_WHAT IS EXPECTED_: If a line in the entries below includes "Shirt", pick it out and copy it.

_PROVIDED RECORDS_:
########################################

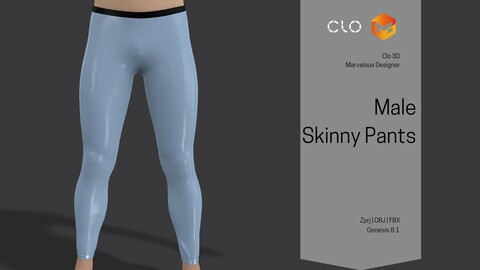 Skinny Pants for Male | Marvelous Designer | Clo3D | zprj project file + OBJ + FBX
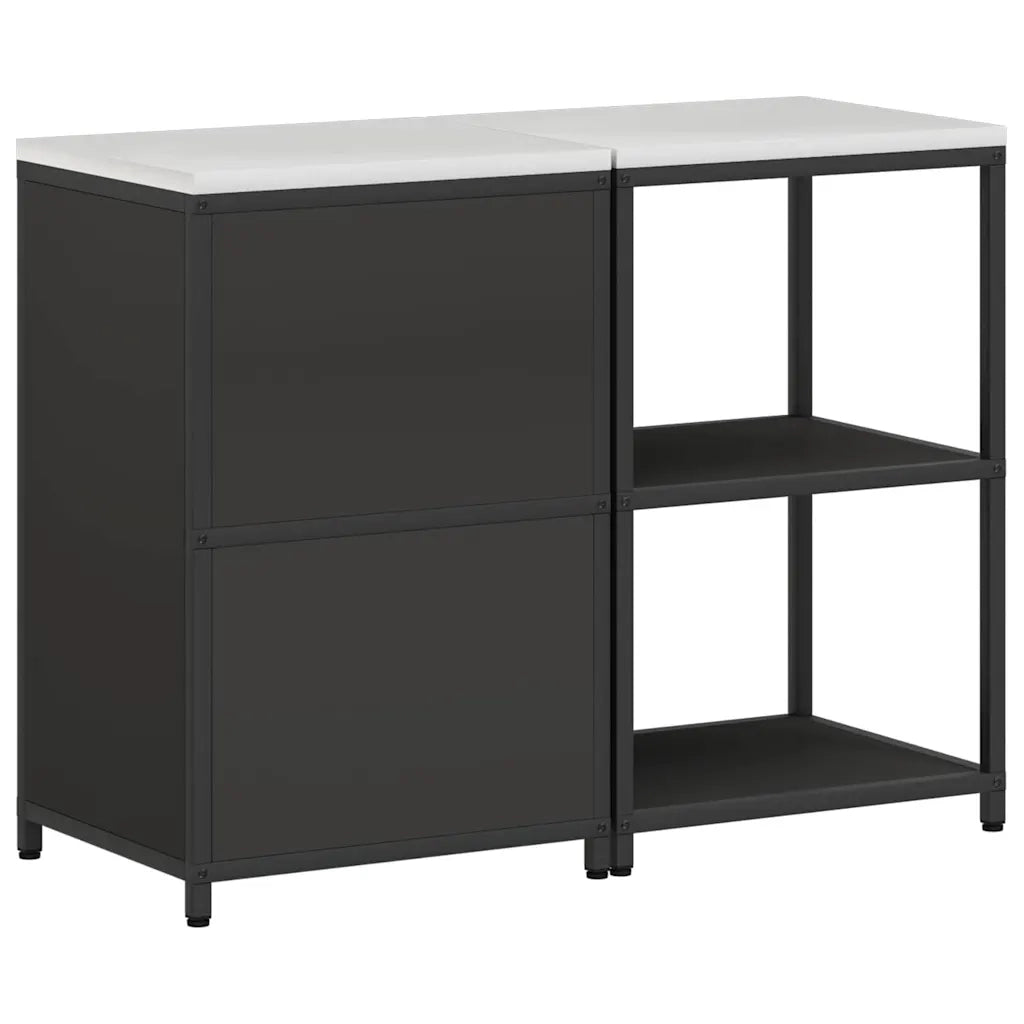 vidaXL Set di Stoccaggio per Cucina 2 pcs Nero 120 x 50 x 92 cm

########################################

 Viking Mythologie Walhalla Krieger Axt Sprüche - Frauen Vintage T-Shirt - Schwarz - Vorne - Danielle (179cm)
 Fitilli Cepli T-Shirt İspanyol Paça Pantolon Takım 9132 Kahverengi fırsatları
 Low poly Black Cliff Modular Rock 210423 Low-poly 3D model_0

########################################

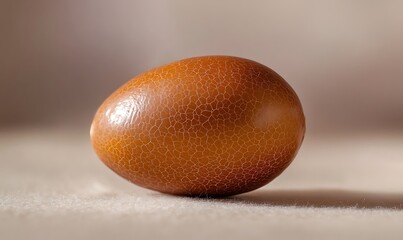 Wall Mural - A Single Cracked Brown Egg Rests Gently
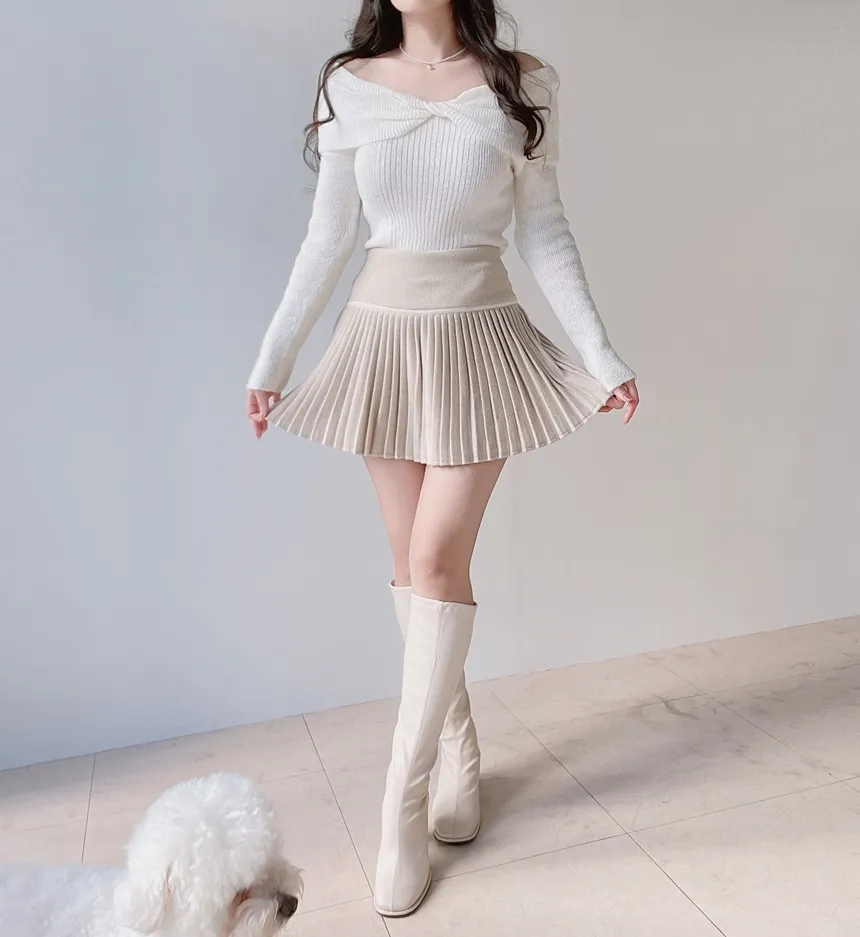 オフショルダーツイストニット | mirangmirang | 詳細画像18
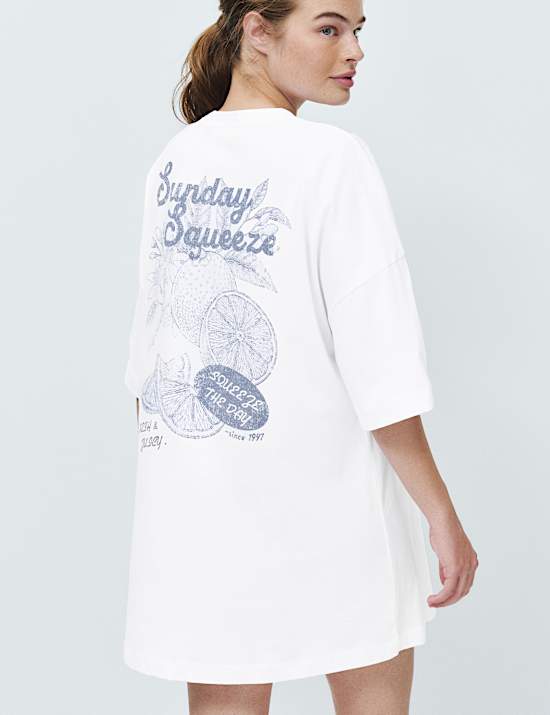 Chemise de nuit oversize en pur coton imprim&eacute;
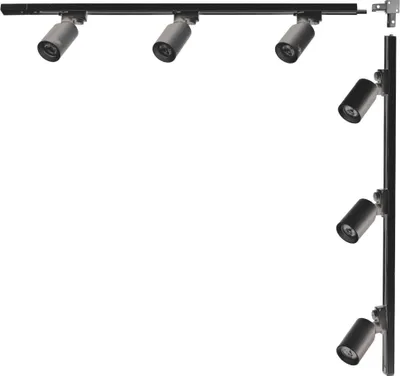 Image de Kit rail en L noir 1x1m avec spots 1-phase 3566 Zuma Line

########################################

_SOLUTION TO THIS TASK_:
 Viking Mythologie Walhalla Krieger Axt Sprüche - Frauen Vintage T-Shirt - Schwarz - Vorne - Danielle (179cm)
 Fitilli Cepli T-Shirt İspanyol Paça Pantolon Takım 9132 Kahverengi fırsatları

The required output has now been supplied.